Does Python really follow its philosophy of "Readability counts"?

Luis Zarrabeitia kyrie at uh.cu
Wed Jan 21 15:23:55 EST 2009


On Wednesday 21 January 2009 02:03:07 pm Paul Rubin wrote:
> Luis Zarrabeitia <kyrie at uh.cu> writes:
> > But somehow the discussion shifted from an optional requirement (giving
> > you the chance to explicitly use 'from lock import unlock; o =
> > unlock(obj)') to "it can't be done _ever_" (using setattr/getattr is as
> > explicit as your analogous 'unlock' function).
>
> The idea was the lock would be on the class, not on instances of the
> class.  So setattr/getattr would work on instances of unlocked classes
> but not locked ones.  If you wanted an unlocked instance of a locked
> class, you could do it by making an unlocked subclass.

Well, then, go change pylint to do that.

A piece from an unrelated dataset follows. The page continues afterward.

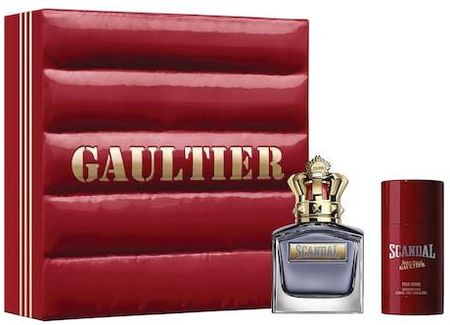 Jean Paul Gaultier Scandal Woda Toaletowa 100 ml + Dezodorant W Sztyfcie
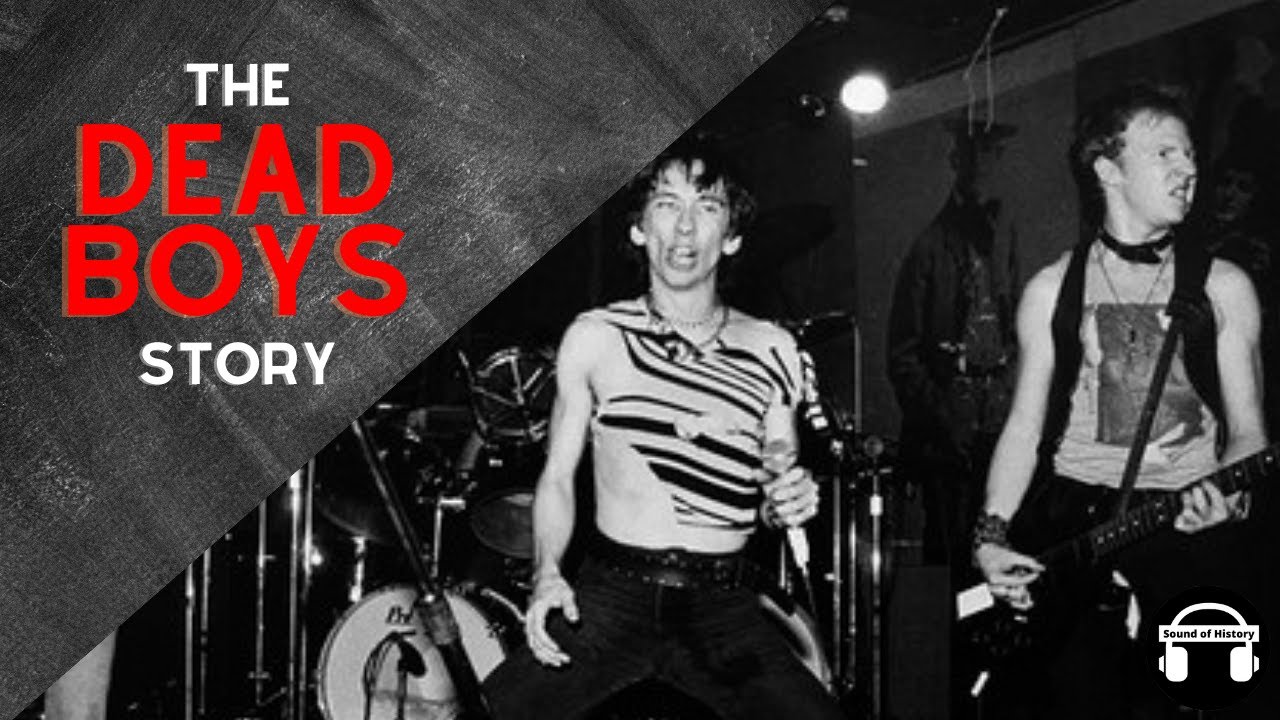 The original outlaws of punk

But don't try to force it on _me_: If 
I want to access an attribute for an object on my program (from wherever it 
came from), I don't want _you_ or anyone else saying "no, its private". 

Even better. Realize that you are trying to use a tool made for debugging, 
documenting, and catching some obvious errors (private/public) 
for "security". Go fix Bastion, that would be your best bet. It was yanked 
out of python because it was insecure, but if someone were to fix it, I'm 
sure the changes would be welcomed. And then, it would be my choice whether 
to let you lock your instances in _my_ program, and it would be yours to lock 
all of mine in yours (and way more).

Btw, when I was programming in .Net (long time ago), I found a little library 
that I wanted to use. The catch: it wasn't opensource, it had a gratis 
version, and a full, payed version... The difference? The full one had some 
attributes public that were private on the free one. Well, I didn't wanted 
code on my app from someone who didn't know the meaning of the 'private' 
keyword anyway. You (well, Russ more than you) almost seem to be trying 
something like that.

> > Btw, the correctness of a program (on a turing-complete language) cannot
> > be statically proven. Ask Turing about it.
>
> That's an irrelevant red herring,

True, my bad.

But I don't think it is _fully_ irrelevant. See, a thread that begun with 
saying that a piece of code was hard to read has evolved to changing the 
language so we could have tools to statically proving "certain things" with 
the code. And each time a "suggestion" appears (from people that, at least at 
the time of suggesting it, were genuinely interested on helping) that doesn't 
fulfill your [plural, including russ] goal of having static typing and data 
hiding in the official python, you shoot it down because some other "it 
cannot be proven statically" reason. Sure, it is always a very well 
defined "certain" thing and not correctness in general, but that "certain" 
thing changes as soon as a suggestion is made to amend it.

I'm obviously growing tired of that pattern.

Have pylint check if someone uses getattr in your code, at all. If pylint 
doesn't do it, just grep for it and don't run that code. Simple.

Btw, this may put and end to this discussion:

import gc
gc.get_objects()

No amount of metaclasses, pylints, decorator, etc, will stop someone from 
using that to get access to _all_ objects of the program. If you need to keep 
a secret, don't put it on the same memory space that the untrusted code in 
python (actually, don't do it on any language). If you need static proofs, 
use a less dynamic subset of python, and use or develop tools to check if you 
tried to get out, ever (because if you get out once, you will not be able to 
track the results). Or, don't use python. (and certainly don't use C++, for 
that matter, even if C++ has a 'private' keyword).

-- 
Luis Zarrabeitia (aka Kyrie)
Fac. de Matemática y Computación, UH.